Fixing a (likely) bug in `MapFusion`. #1673

pratyai · 2024-10-04T13:22:09Z

When checking for the "array usage" criteria that can prevent map-fusion, check only within the current state. Otherwise, any "use" of the array globally (i.e., in the entire SDFG) will cancel the fusion.

tbennun · 2024-10-05T01:32:58Z

This should not be the correct behavior. Eliminating an access node that corresponds to a data container has to be done safely: if a data container is used in another state (via an access node with the same name), its memory must be preserved because it can be reused in a subsequent read (which is a case that happens often when conserving memory). If you want map fusion to work, you would need to use a unique array name that can be removed, or rename arrays that you know they will be overwritten later.

Checking the SDFG for other instances of the access node is the correct way to check for a safe removal of an access node:

>>> sdfg = dace.SDFG('test')
>>> state = sdfg.add_state()
>>> state2 = sdfg.add_state_after(state)
>>> state.add_access('A')
>>> state2.add_access('A')
# Checking access nodes:
>>> state.data_nodes()
[AccessNode (A)]
>>> sdfg.data_nodes()
[AccessNode (A), AccessNode (A)]

pratyai · 2024-10-05T19:50:31Z

I see that my test case (of applying fusion twice) has this problem: the corresponding transient access nodes in two copies have the same name. I was assuming that the transient access nodes are scoped only within the state, and states cannot rely on other states' transient access nodes.
Just to confirm, must the transient access nodes have globally unique names?

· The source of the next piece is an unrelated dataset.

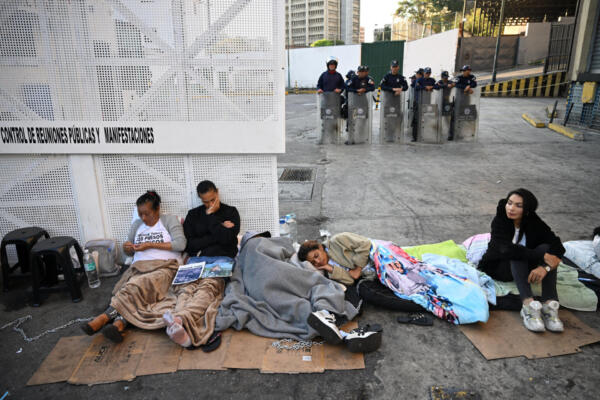 Una decena de familiares de presos políticos inicia huelga de hambre en Venezuela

Even then, I think that MapFusion's current way sometimes unnecessarily chooses to avoid the fusion. Could we just not remove such access nodes and just proceed with the fusion where both versions would produce identical output? In other words, what if we allow the fusion without any access-node-removal, and then remove any redundant transient nodes?

[ By the way, I've been looking at this since only very recently, so chances are that I have some misunderstanding about access nodes. Apologies in advance, if that's indeed the case here. ]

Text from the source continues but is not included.